Data tables and formulas:
A | B | C | D | E | F | |
---|---|---|---|---|---|---|
1 | Jan | Feb | Mar | |||
2 | Product X | 45 | 40 | 43 | ||
3 | Product Y | 43 | 42 | 45 | ||
4 | Product Z | 41 | 44 | 43 | ||
5 | =CHISQ.TEST(B2:D2, B3:D4) | 0.074 |
Explanation: Here, the p-value is 0.074, higher than 0.05. Hence, we fail to reject the null hypothesis and conclude that there’s no significant difference between the proportions of products sold across the months of Q1.
Example 5:
Purpose: To test if there’s a significant association between different sales teams (Team 1, Team 2, Team 3) and the quarters (Q1, Q2, Q3) in a business year.
Data tables and formulas:
A | B | C | D | E | F | |
---|---|---|---|---|---|---|
1 | Q1 | Q2 | Q3 | |||
2 | Team 1 | 38 | 40 | 37 | ||
3 | Team 2 | 40 | 42 | 41 | ||
4 | Team 3 | 42 | 41 | 43 | ||
5 | =CHISQ.TEST(B2:D2, B3:D4) | 0.047 |
Explanation: In this case, the p-value is 0.047, less than 0.05. So, we can reject the null hypothesis that there’s no difference between the sales proportions made by different teams across the quarters and conclude that a significant difference exists.
Part 3: Tips and tricks
- Remember that the CHISQ.TEST function can only process numeric data.

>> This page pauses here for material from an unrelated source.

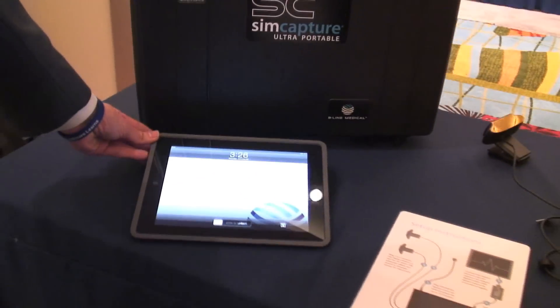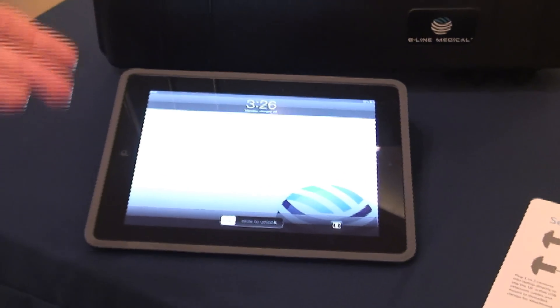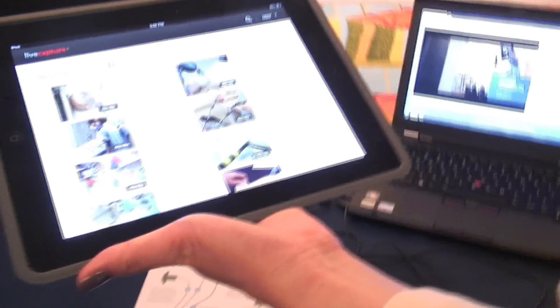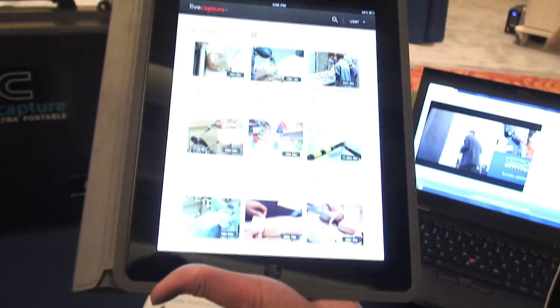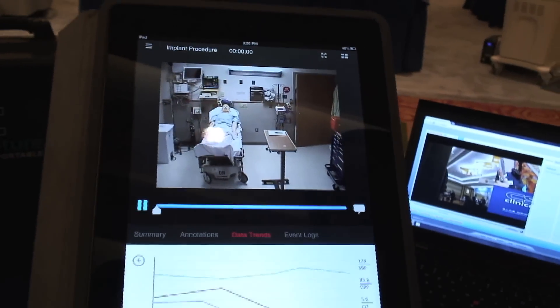Now, this iPad here is not necessarily connected directly with the Ultra Portable, but this is a new debriefing software coming out soon from Beeline. In late summer, we are going to see the iPad debriefer. This is just a prototype for now, but as you can see, you can pull up all of your sessions. It rotates from landscape to portrait mode, and you'll be able to debrief any of your sessions. You can hit play and it'll actually play.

- Your data range must not contain any logical values, empty cells, text, or error values.
- Ensure the actual and expected values ranges have the exact dimensions, else Excel will return a #N/A error.
- The CHISQ.TEST function is used when data is in a frequency table.
- CHISQ.TEST is available in Excel 2007 and later versions.
- To gain a deeper understanding of the test, consider learning about the Chi-Square distribution and hypothesis testing.